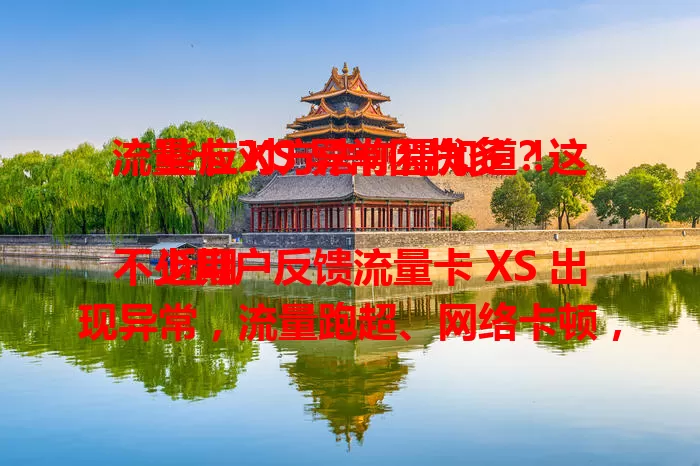 流量卡 XS 异常困扰多？这些应对方法你得知道！

近期不少用户反馈流量卡 XS 出现异常，流量跑超、网络卡顿，还可能有信息安全隐患。原因复杂，用户别慌，可重启尝试，问题仍在就联系客服，关注网络公告，减少影响保障通讯。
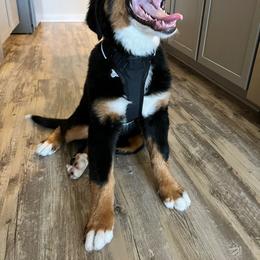 Bernese Mountain Dog Puppies from Lonesome Pine Farm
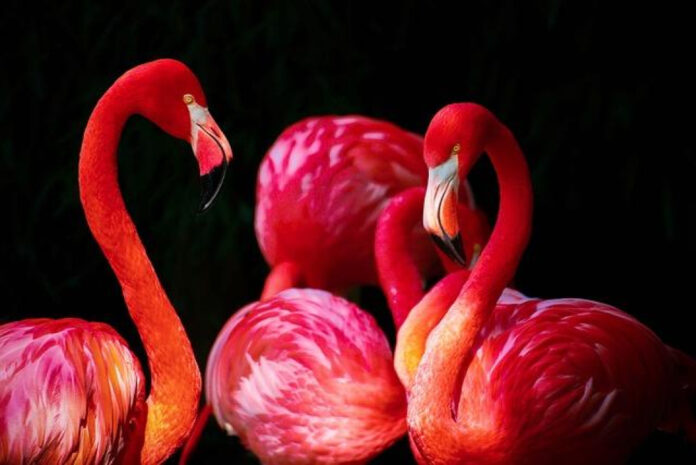 captivating-flamingo-gardens-photos-a-visual-journey.jpg Captivating Flamingo Gardens Photos: A Visual Journey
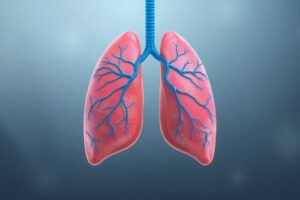 The Lymphatic System: Your Lungs’ Secret Drainage System Medical diagram showing lymphatic vessels surrounding human lungs and respiratory system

WHAT YOU ARE ASKED TO DO>
Find the line containing "A Visual Journey" in the listing above. Restate it and every line after it, word for word, through the final line, leaving out the pictures.

RESPONSE>
 captivating-flamingo-gardens-photos-a-visual-journey.jpg Captivating Flamingo Gardens Photos: A Visual Journey
 The Lymphatic System: Your Lungs’ Secret Drainage System Medical diagram showing lymphatic vessels surrounding human lungs and respiratory system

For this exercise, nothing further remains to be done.